▶ WHAT YOU NEED TO DO: Would you transcribe the whole listing exactly and drop its images?
_ _ _ _ _
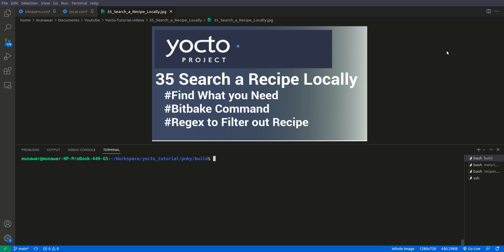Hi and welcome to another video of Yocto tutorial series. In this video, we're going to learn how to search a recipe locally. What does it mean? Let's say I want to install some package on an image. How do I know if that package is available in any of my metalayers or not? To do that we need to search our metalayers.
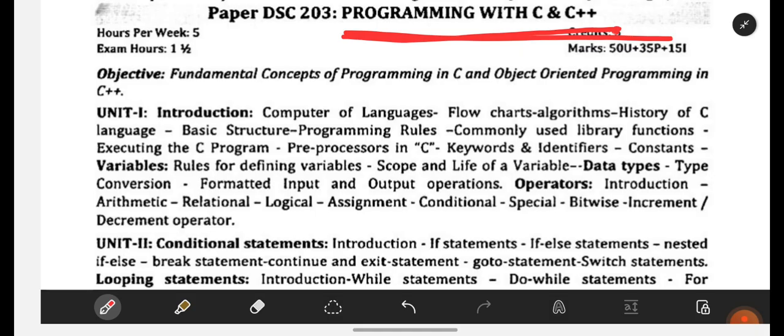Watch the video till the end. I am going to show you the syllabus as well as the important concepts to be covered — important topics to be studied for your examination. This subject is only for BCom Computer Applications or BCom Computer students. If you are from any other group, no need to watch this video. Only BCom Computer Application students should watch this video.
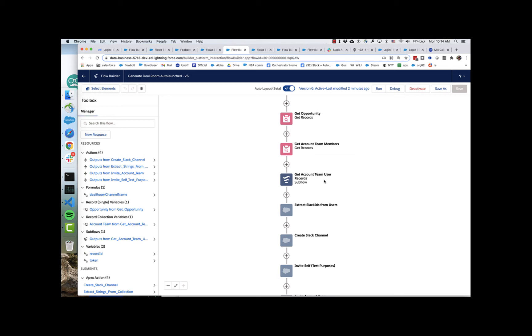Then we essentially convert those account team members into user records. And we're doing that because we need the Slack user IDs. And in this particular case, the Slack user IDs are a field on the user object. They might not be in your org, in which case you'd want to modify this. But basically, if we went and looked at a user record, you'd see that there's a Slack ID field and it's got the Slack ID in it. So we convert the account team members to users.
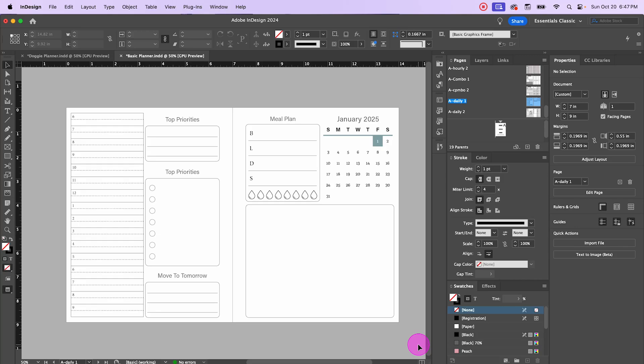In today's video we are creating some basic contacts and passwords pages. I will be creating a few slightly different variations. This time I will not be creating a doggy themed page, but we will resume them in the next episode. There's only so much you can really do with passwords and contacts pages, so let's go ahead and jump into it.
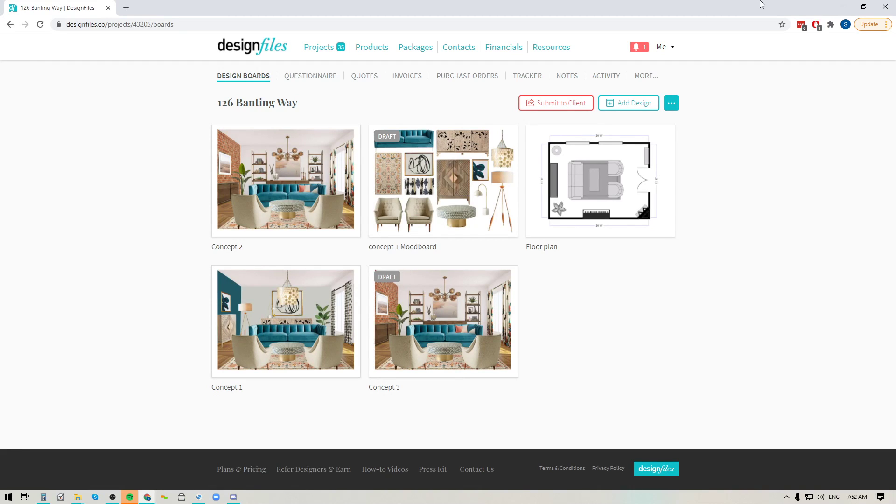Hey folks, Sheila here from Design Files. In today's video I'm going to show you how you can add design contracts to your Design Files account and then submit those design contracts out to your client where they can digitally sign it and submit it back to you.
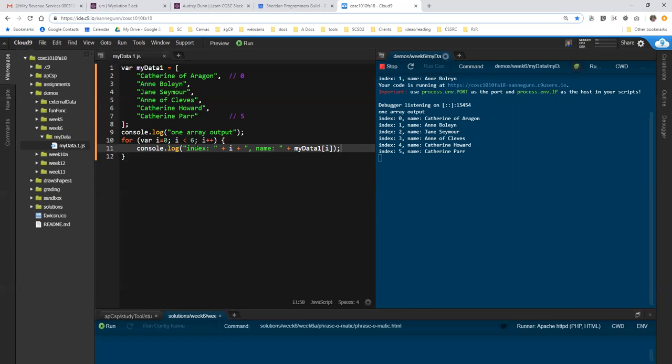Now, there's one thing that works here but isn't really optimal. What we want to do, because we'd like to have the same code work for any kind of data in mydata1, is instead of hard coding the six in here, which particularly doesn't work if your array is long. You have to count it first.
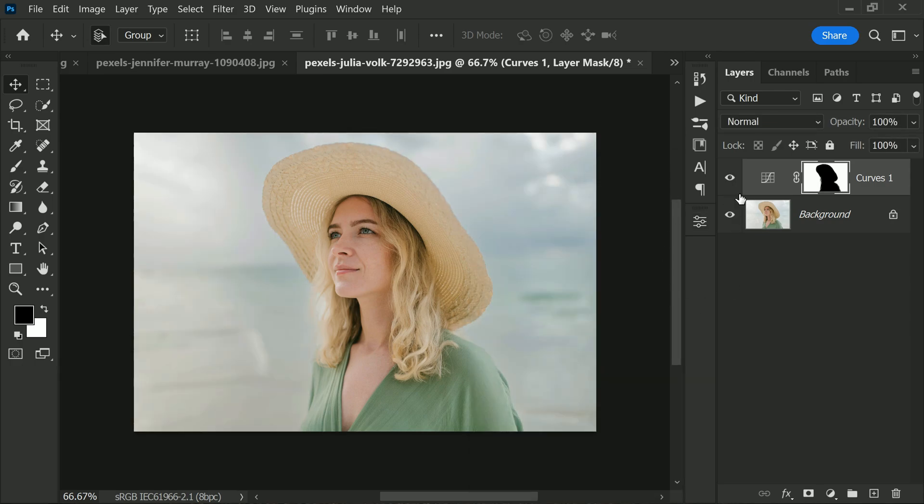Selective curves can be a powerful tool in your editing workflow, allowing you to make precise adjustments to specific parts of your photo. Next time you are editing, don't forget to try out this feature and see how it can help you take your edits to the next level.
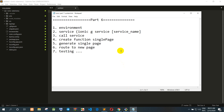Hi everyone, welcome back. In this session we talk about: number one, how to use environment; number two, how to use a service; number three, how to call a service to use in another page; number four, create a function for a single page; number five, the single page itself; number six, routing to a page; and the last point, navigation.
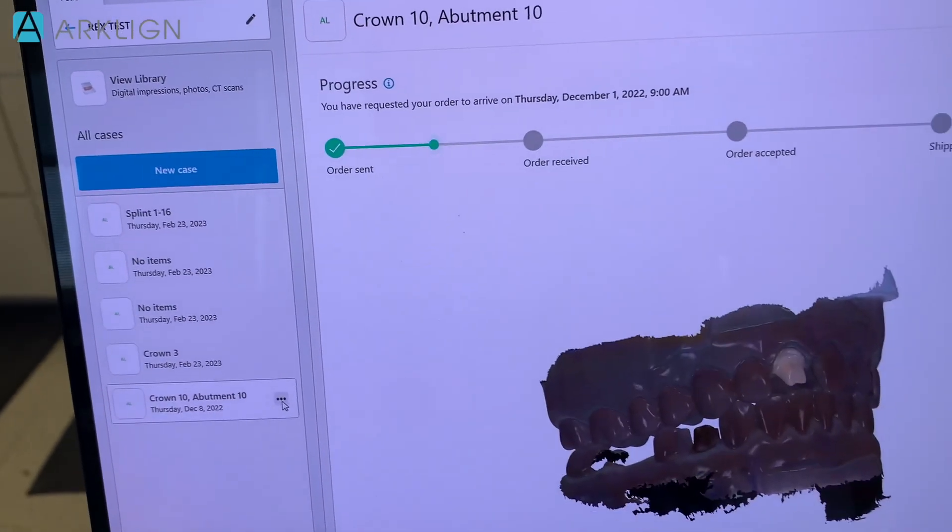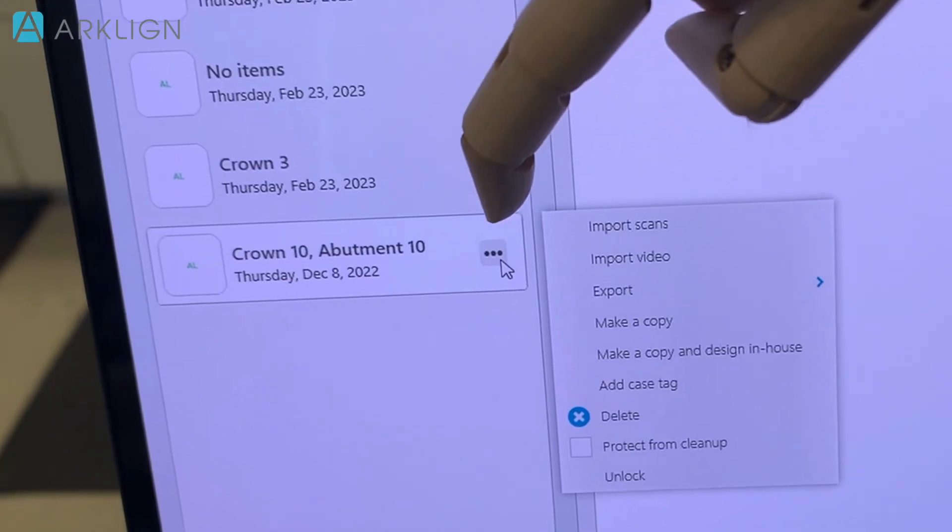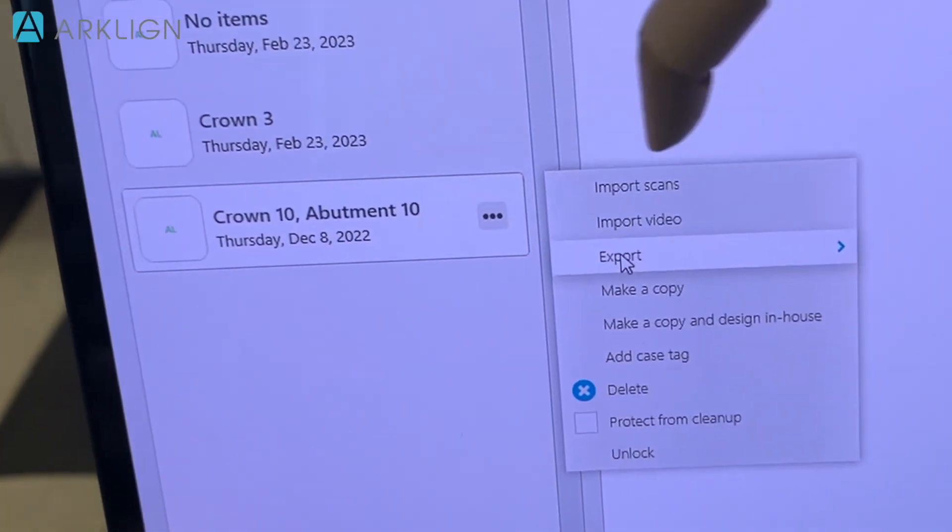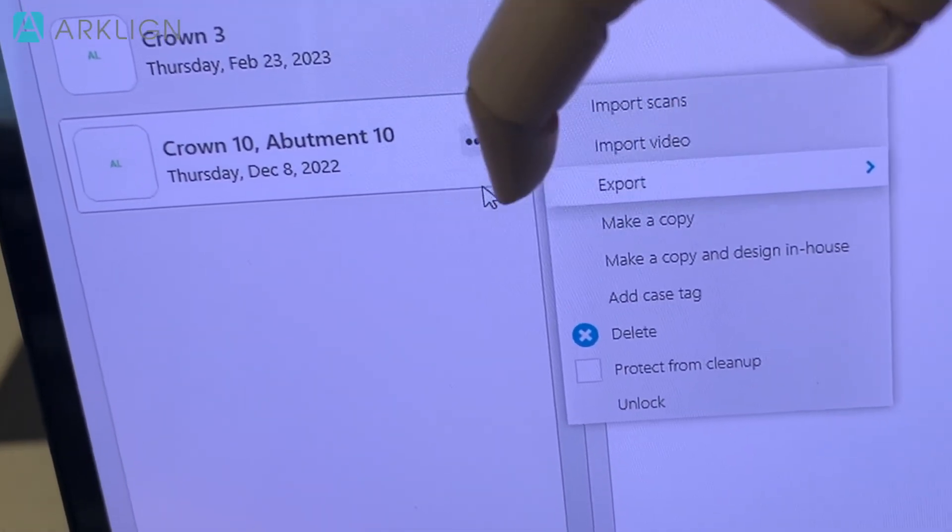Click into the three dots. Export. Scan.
_ _ _ _ _
▶ REPLY TO THE EXERCISE:
Hi and welcome to another video of Yocto tutorial series. In this video, we're going to learn how to search a recipe locally. What does it mean? Let's say I want to install some package on an image. How do I know if that package is available in any of my metalayers or not? To do that we need to search our metalayers.
Watch the video till the end. I am going to show you the syllabus as well as the important concepts to be covered — important topics to be studied for your examination. This subject is only for BCom Computer Applications or BCom Computer students. If you are from any other group, no need to watch this video. Only BCom Computer Application students should watch this video.
Then we essentially convert those account team members into user records. And we're doing that because we need the Slack user IDs. And in this particular case, the Slack user IDs are a field on the user object. They might not be in your org, in which case you'd want to modify this. But basically, if we went and looked at a user record, you'd see that there's a Slack ID field and it's got the Slack ID in it. So we convert the account team members to users.
In today's video we are creating some basic contacts and passwords pages. I will be creating a few slightly different variations. This time I will not be creating a doggy themed page, but we will resume them in the next episode. There's only so much you can really do with passwords and contacts pages, so let's go ahead and jump into it.
Hey folks, Sheila here from Design Files. In today's video I'm going to show you how you can add design contracts to your Design Files account and then submit those design contracts out to your client where they can digitally sign it and submit it back to you.
Now, there's one thing that works here but isn't really optimal. What we want to do, because we'd like to have the same code work for any kind of data in mydata1, is instead of hard coding the six in here, which particularly doesn't work if your array is long. You have to count it first.
Selective curves can be a powerful tool in your editing workflow, allowing you to make precise adjustments to specific parts of your photo. Next time you are editing, don't forget to try out this feature and see how it can help you take your edits to the next level.
Hi everyone, welcome back. In this session we talk about: number one, how to use environment; number two, how to use a service; number three, how to call a service to use in another page; number four, create a function for a single page; number five, the single page itself; number six, routing to a page; and the last point, navigation.
Click into the three dots. Export. Scan.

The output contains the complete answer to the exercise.